Water Floods and improving oil flow

I am going to insert a topic here before going on to Carbonates, as I had mentioned doing in the last post, because it will help to explain a developing problem that comes when extracting oil from rocks such as chalk. And, because I used this example in my original post let me again start by creating an analogy.

The oil business is one of great complexity and there are some challenges even in trying to explain some of the basic reasons why, when price goes up, producers can't just turn a tap and pull more oil out of the underground reservoir.

I was trying to think of a way of explaining it, and offer the following, in the hope that not too many of those who know reality will be offended at the simplification.

Way back at the beginning of the current Elizabethan era it used to be fun, after dinner, to float cream on top of coffee. I still do it when the cream is of the right sort, and it gives the coffee a different taste. Putting the cream over the coffee is a bit of a challenge, you start by using the back of a spoon, and when you get better pour it down the side of the cup.

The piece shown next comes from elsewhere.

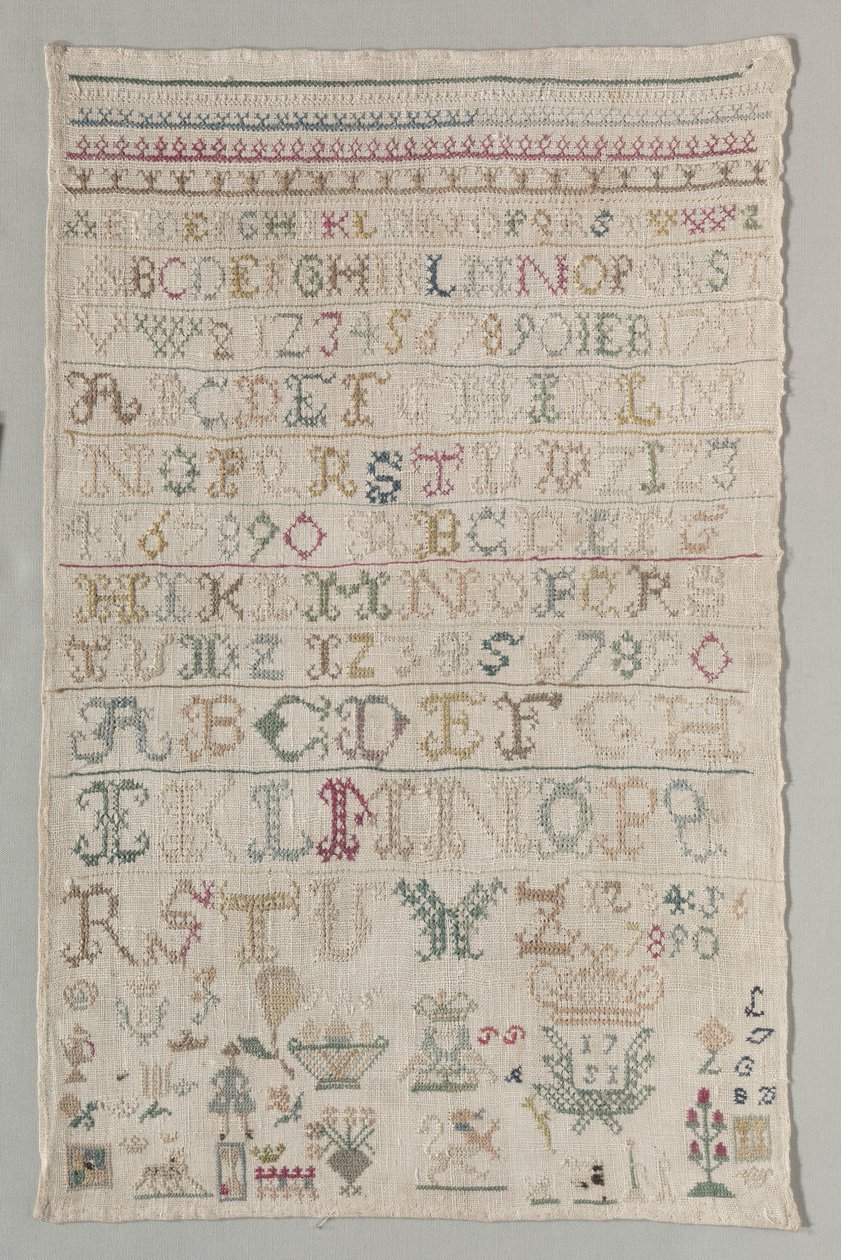 Näytteenotto, 1751. tekijältä Unbekannt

So now we have quarter of an inch of cream floating, unmixed, on top of the coffee. This can be very simply considered to be the oil floating on an underground pool of water in the porous rock underground. Now take a straw, put it into the cream and try and remove it without sucking up any coffee. If you suck gently you might be able to get a lot of the cream up, especially if you bend the straw to run across the top of the cup. But if you suck too hard then you not only pull the coffee into the straw and can't get any more cream from that particular place, but you also mix up the cream around that point into the coffee, and you lose the chance to recover that cream later. Separating the cream from the much larger amount of coffee beneath it is not really an option (though as you will see it is needed with oil and water).

Oil is somewhat the same, in that, if you try pulling it out of the ground too fast, you can cause changes in the flow pattern that drop the total amount you can get out from any one well, and the immediately surrounding rock, pretty severely. I will return to this topic of fluid control in a later post (and yes I know, there is an alcoholic version of this example, but it would be (grin) socially highly irresponsible to encourage folk to try doing this with different layers of liquor - especially since I can't remember which colors you have to use and which liquor you have to float on which to get them to stay separate. Research may be needed.)

So, if we can’t just change the differential pressure between the well and the surrounding rock to get more of the oil out, then how can we do it?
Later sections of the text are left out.